EXERCISE AIM
From the line containing "A detained female" through the last line of the entries below, print each line exactly. Pictures stay out.

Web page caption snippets
========================

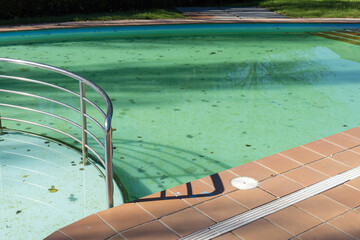 Closeup of a dirty swimming pool background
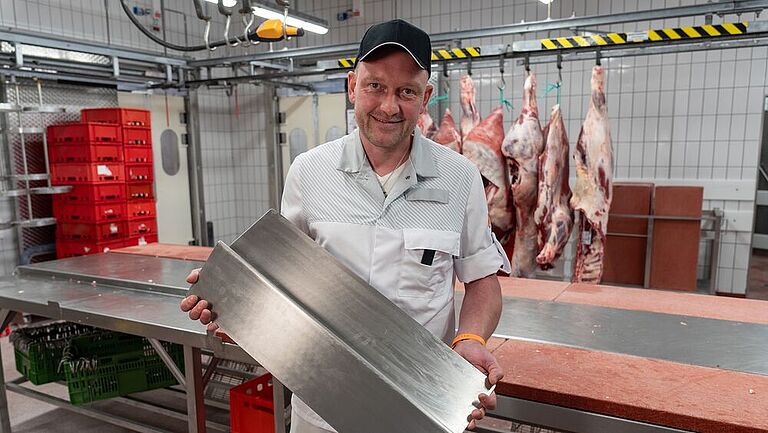 Mitarbeiter steht in einem Fleischbetrieb und posiert mit einem Schutzblech in der Hand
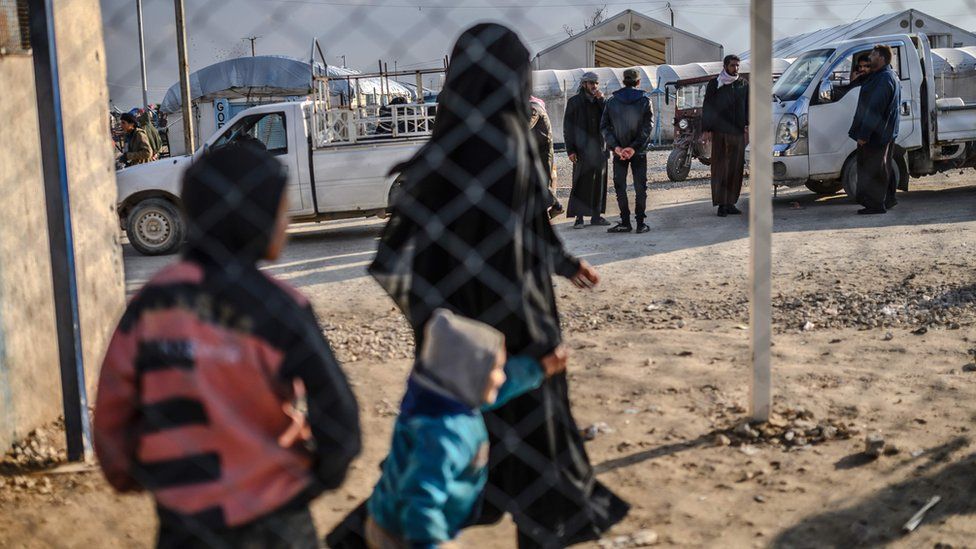 A detained female Islamic State member and her children at the al-Hol camp in north-eastern Syria (17 February 2019)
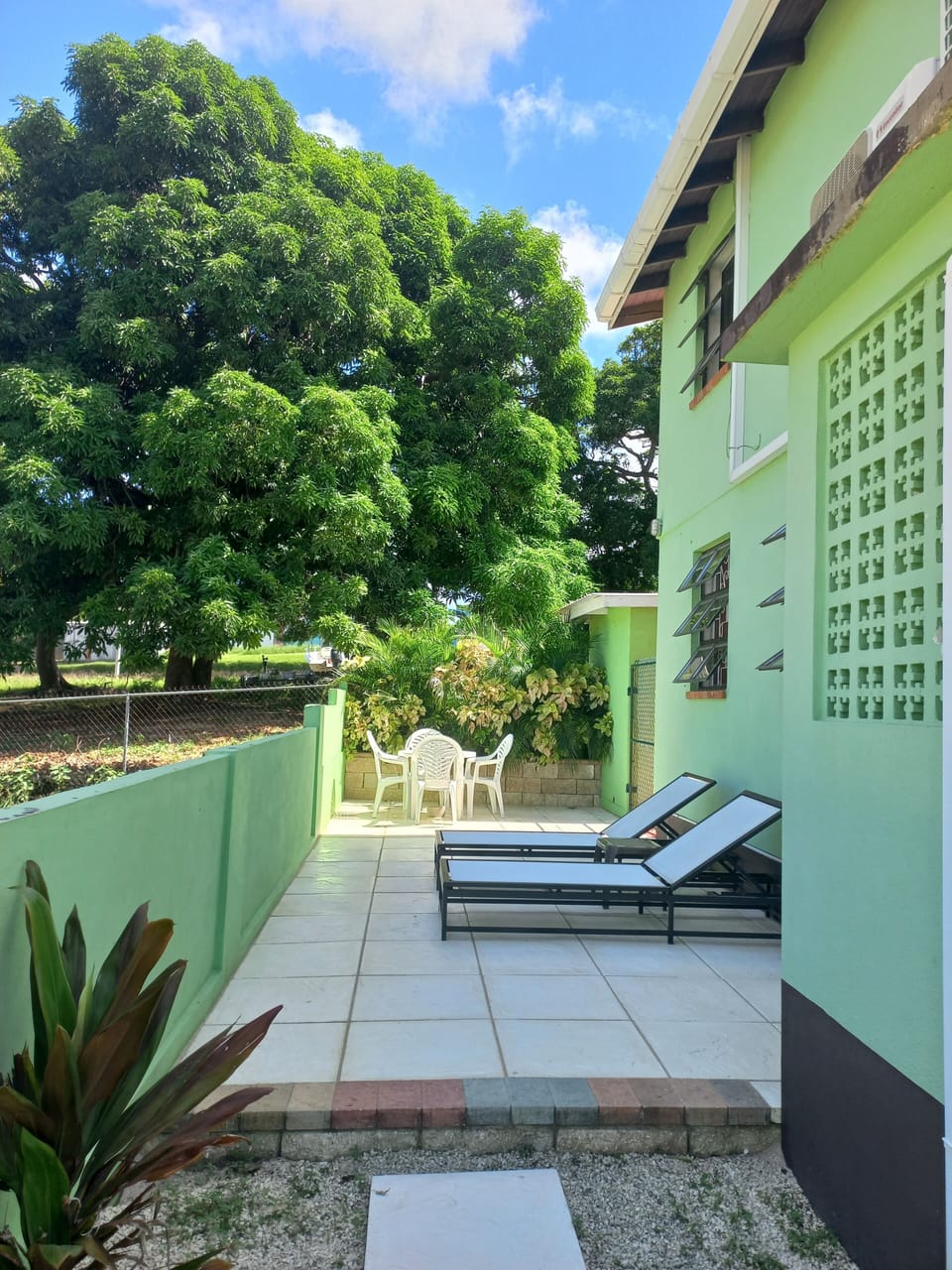 Guest's personal stone deck is ideal  for outdoor living and relaxation 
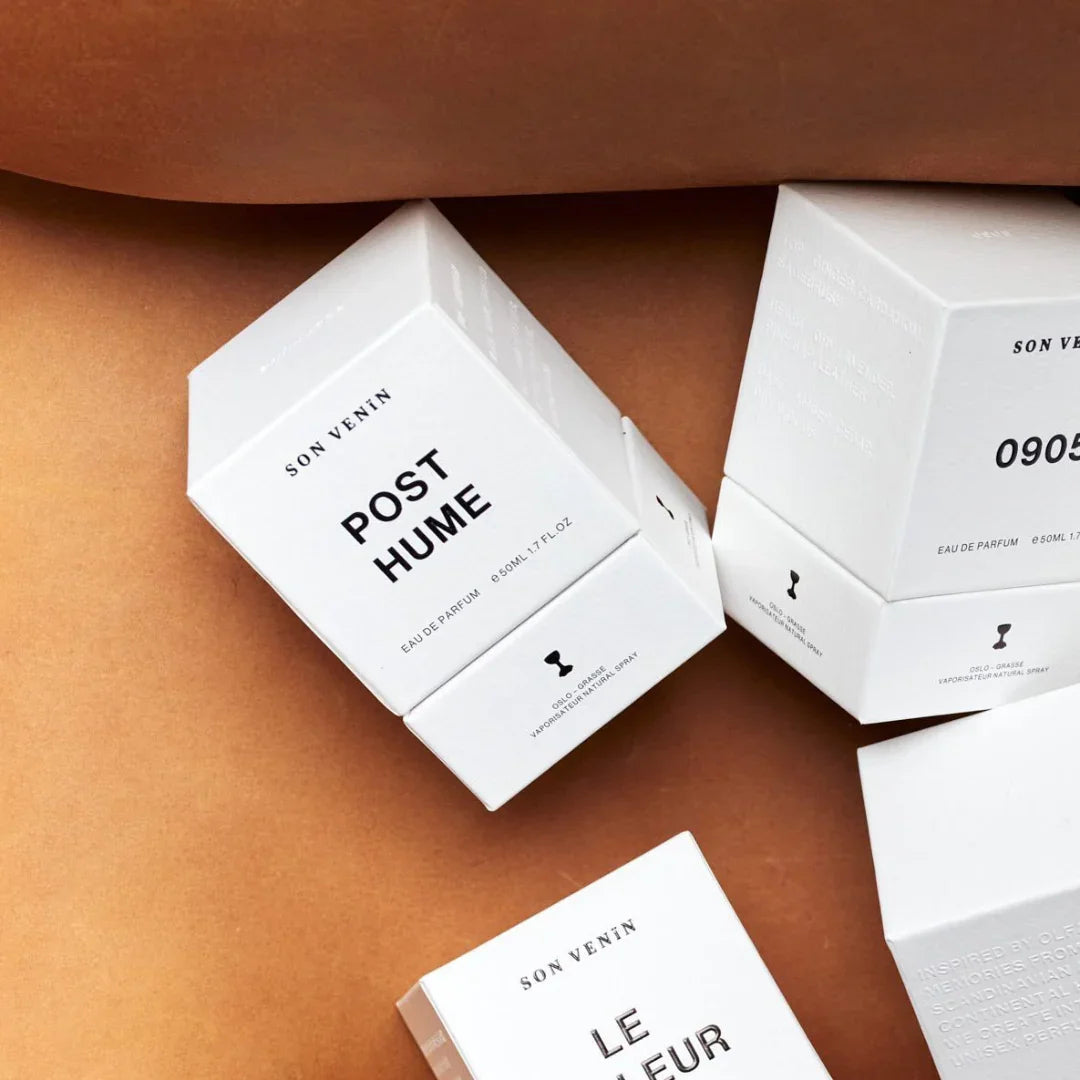 Weiße Verpackungsschachteln mit schwarzem Text, "Posthume" und "SON VENÏN". Mehrere Schachteln sind sichtbar.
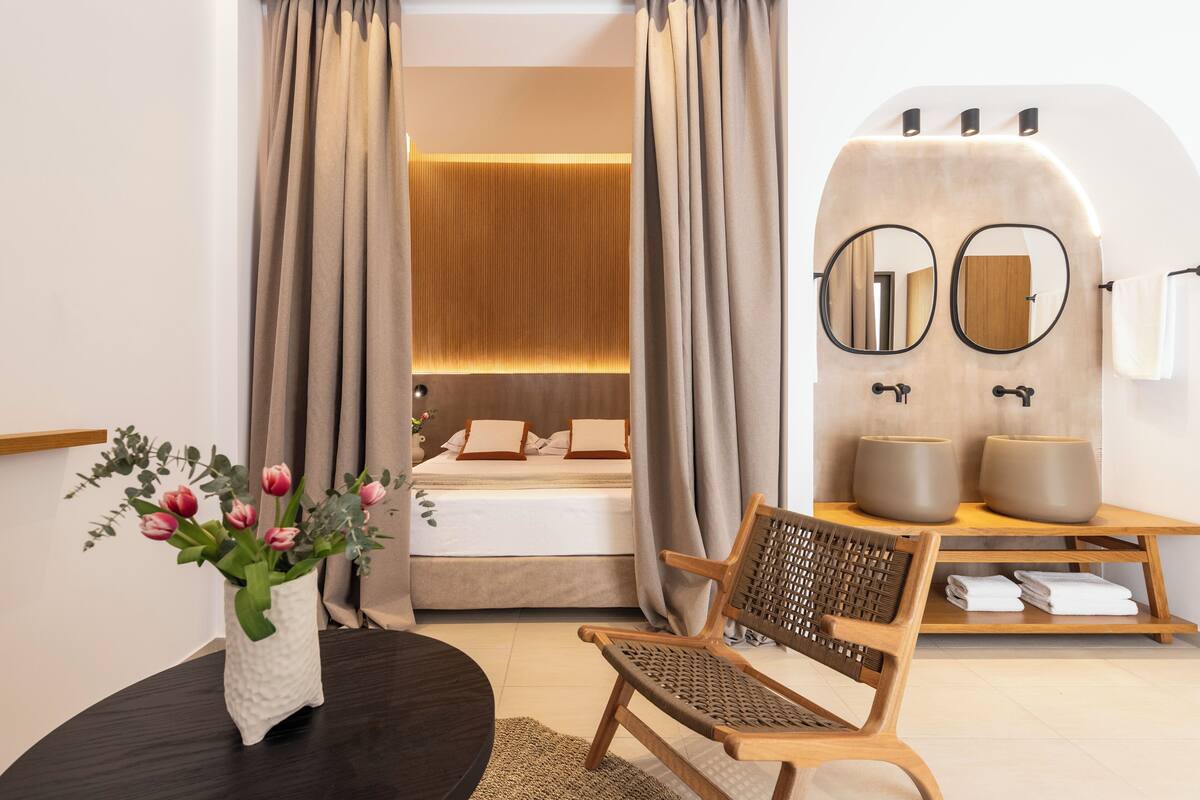 A modern hotel room with a bed, a wooden chair, a vanity with mirrors, and a vase of flowers.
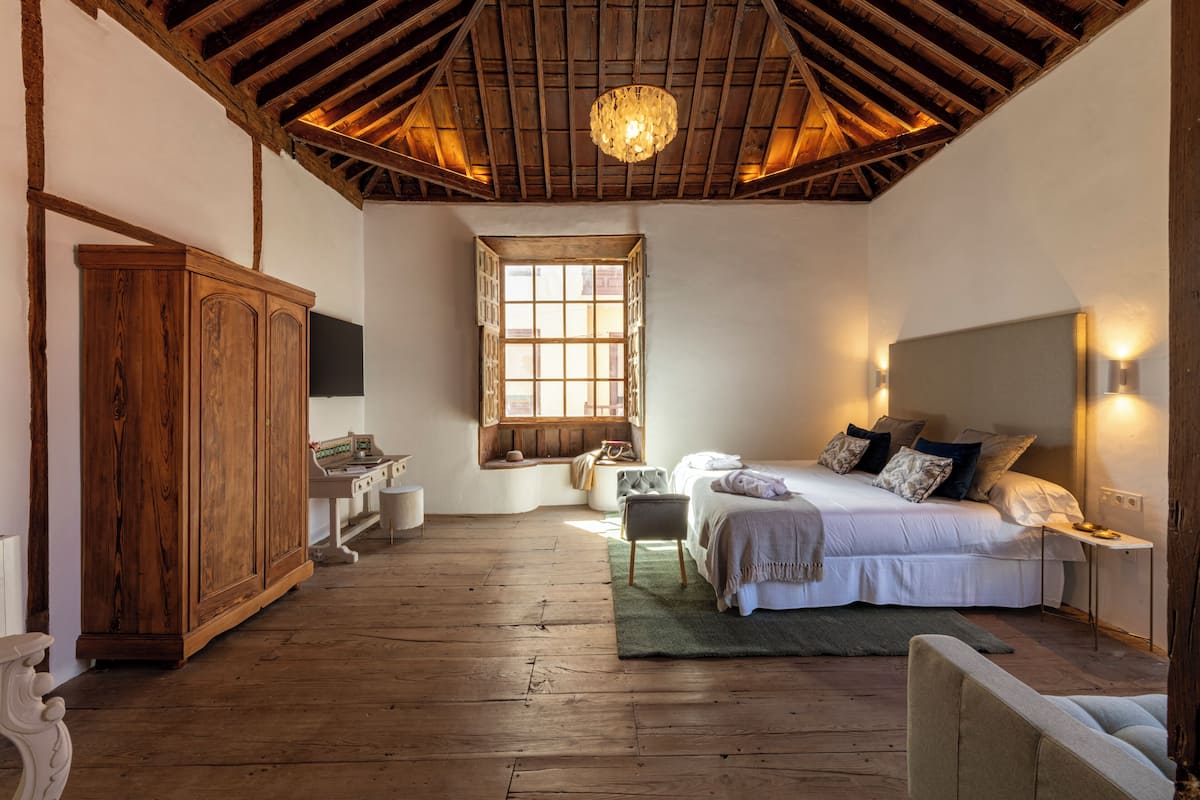 Quarto com teto de madeira, cama com almofadas, mesa de cabeceira e guarda-roupa de madeira.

========================

REPLY
 A detained female Islamic State member and her children at the al-Hol camp in north-eastern Syria (17 February 2019)
 Guest's personal stone deck is ideal  for outdoor living and relaxation 
 Weiße Verpackungsschachteln mit schwarzem Text, "Posthume" und "SON VENÏN". Mehrere Schachteln sind sichtbar.
 A modern hotel room with a bed, a wooden chair, a vanity with mirrors, and a vase of flowers.
 Quarto com teto de madeira, cama com almofadas, mesa de cabeceira e guarda-roupa de madeira.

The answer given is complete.